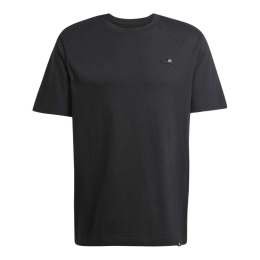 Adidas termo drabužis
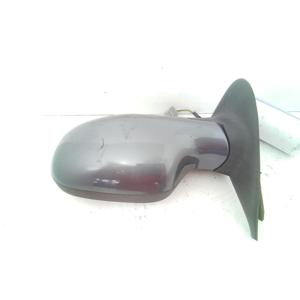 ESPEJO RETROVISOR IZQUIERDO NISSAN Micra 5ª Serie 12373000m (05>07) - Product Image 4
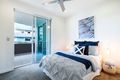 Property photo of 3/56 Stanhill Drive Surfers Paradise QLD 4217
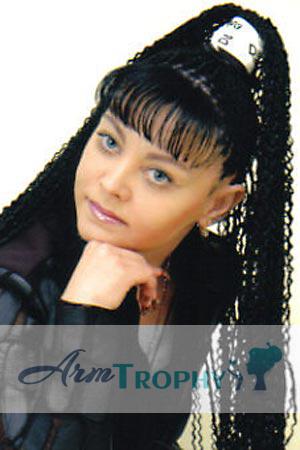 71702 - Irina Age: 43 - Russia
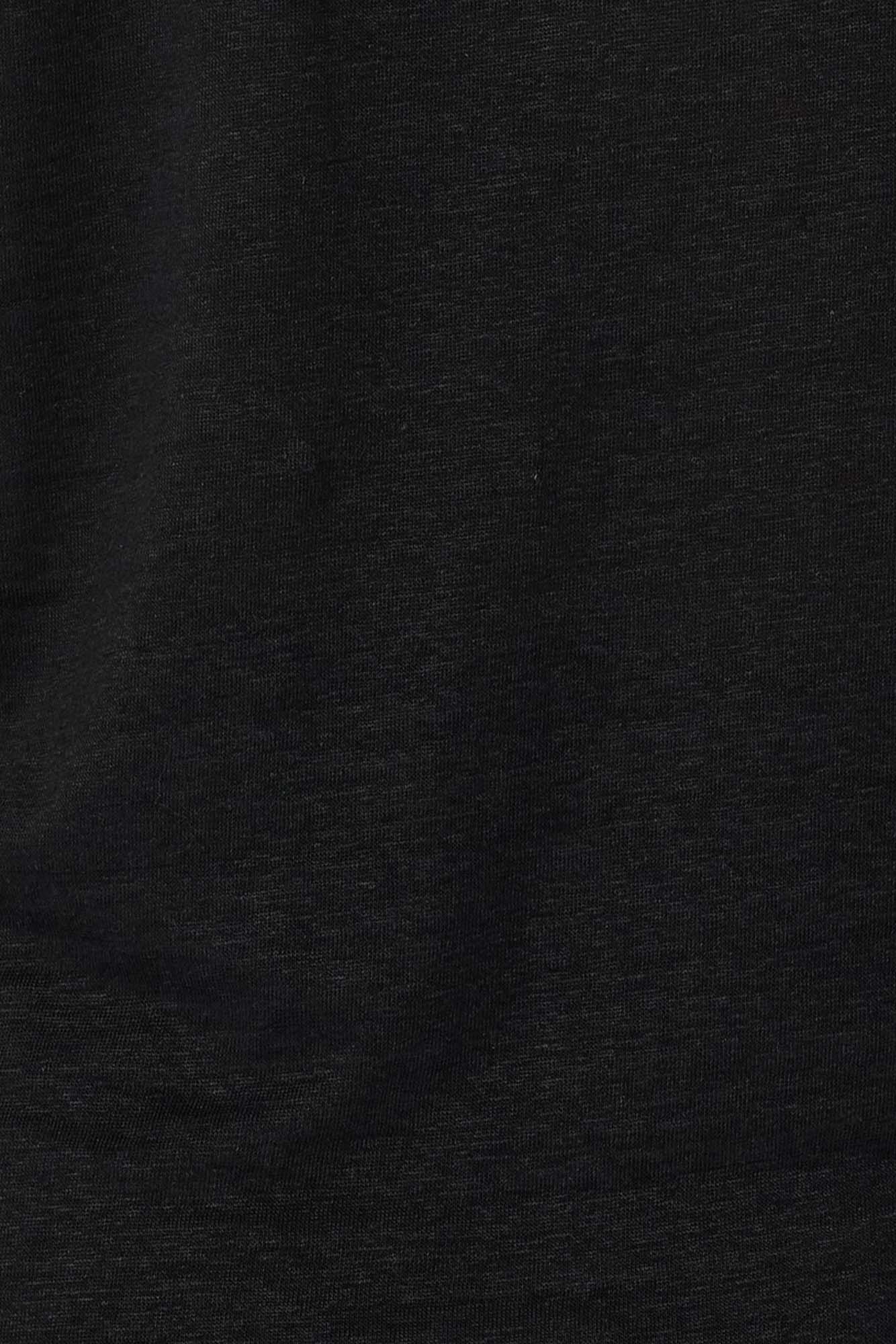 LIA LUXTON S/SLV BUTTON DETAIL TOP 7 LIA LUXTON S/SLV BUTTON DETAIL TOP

...

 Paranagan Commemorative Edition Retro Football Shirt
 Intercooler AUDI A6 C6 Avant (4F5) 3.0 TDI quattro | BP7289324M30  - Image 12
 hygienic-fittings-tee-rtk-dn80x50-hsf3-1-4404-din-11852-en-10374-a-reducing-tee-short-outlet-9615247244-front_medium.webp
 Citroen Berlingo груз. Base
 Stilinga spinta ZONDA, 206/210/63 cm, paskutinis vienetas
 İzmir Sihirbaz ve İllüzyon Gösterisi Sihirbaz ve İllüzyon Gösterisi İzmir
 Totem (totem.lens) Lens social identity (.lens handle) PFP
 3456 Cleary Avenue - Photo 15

---

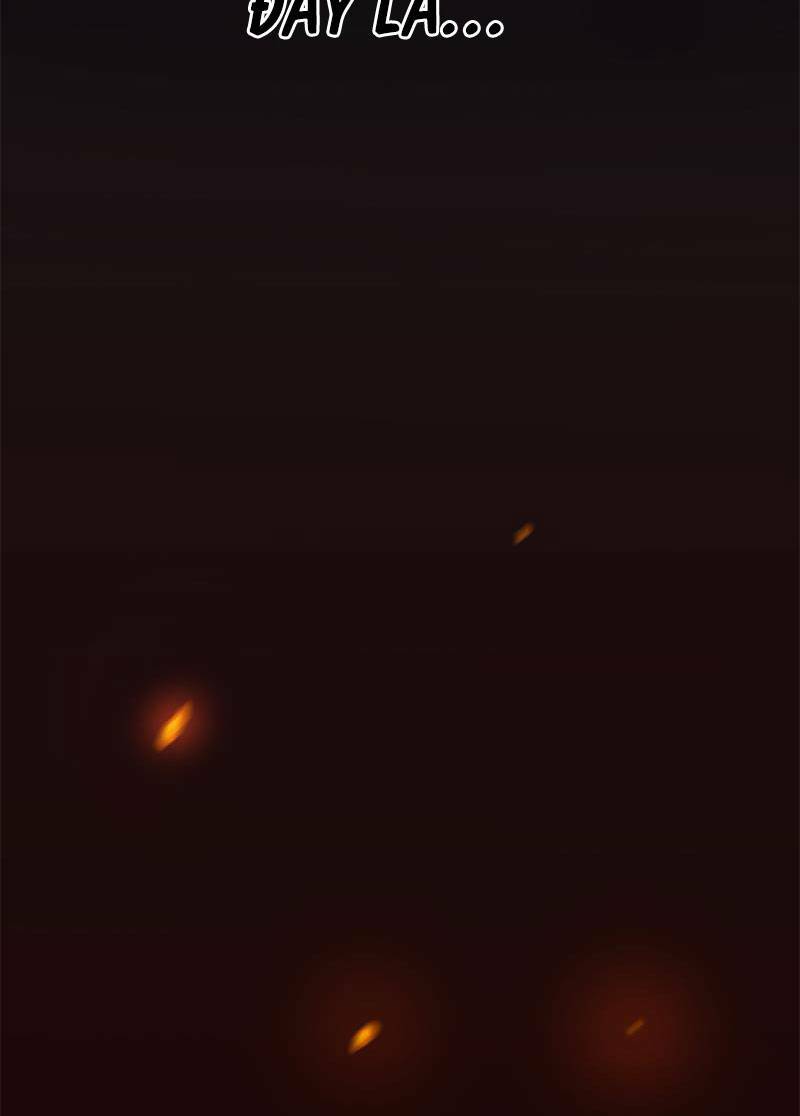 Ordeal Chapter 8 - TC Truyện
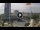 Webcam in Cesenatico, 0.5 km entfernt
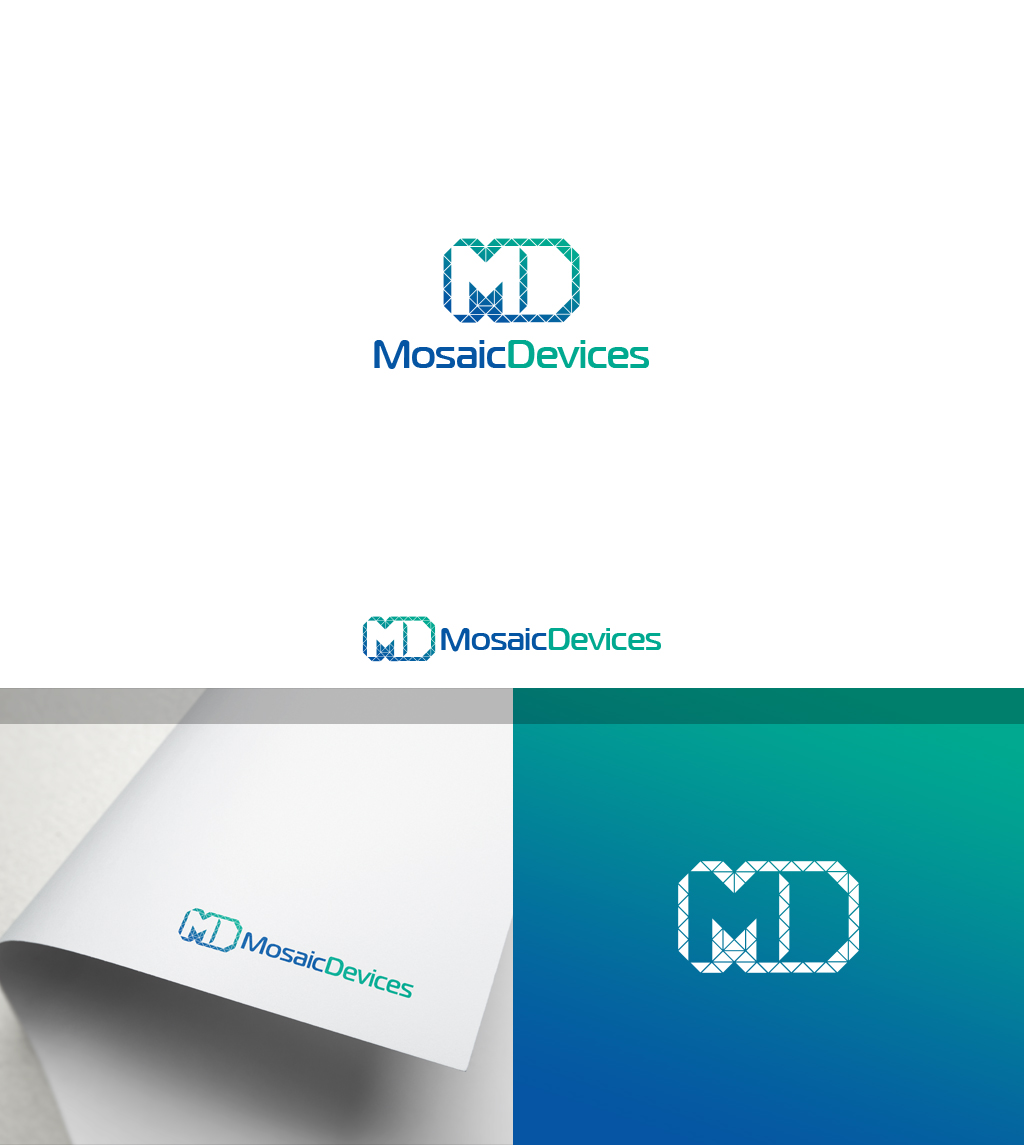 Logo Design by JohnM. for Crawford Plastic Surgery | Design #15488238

Exercise instructions: In the data above, find the line that contains "Stilinga spinta ZONDA, 206/210/63" and the line that contains "3456 Cleary Avenue - Photo 15". Repeat exactly those lines and every line between them, and only those.

Solution to this problem:
 Stilinga spinta ZONDA, 206/210/63 cm, paskutinis vienetas
 İzmir Sihirbaz ve İllüzyon Gösterisi Sihirbaz ve İllüzyon Gösterisi İzmir
 Totem (totem.lens) Lens social identity (.lens handle) PFP
 3456 Cleary Avenue - Photo 15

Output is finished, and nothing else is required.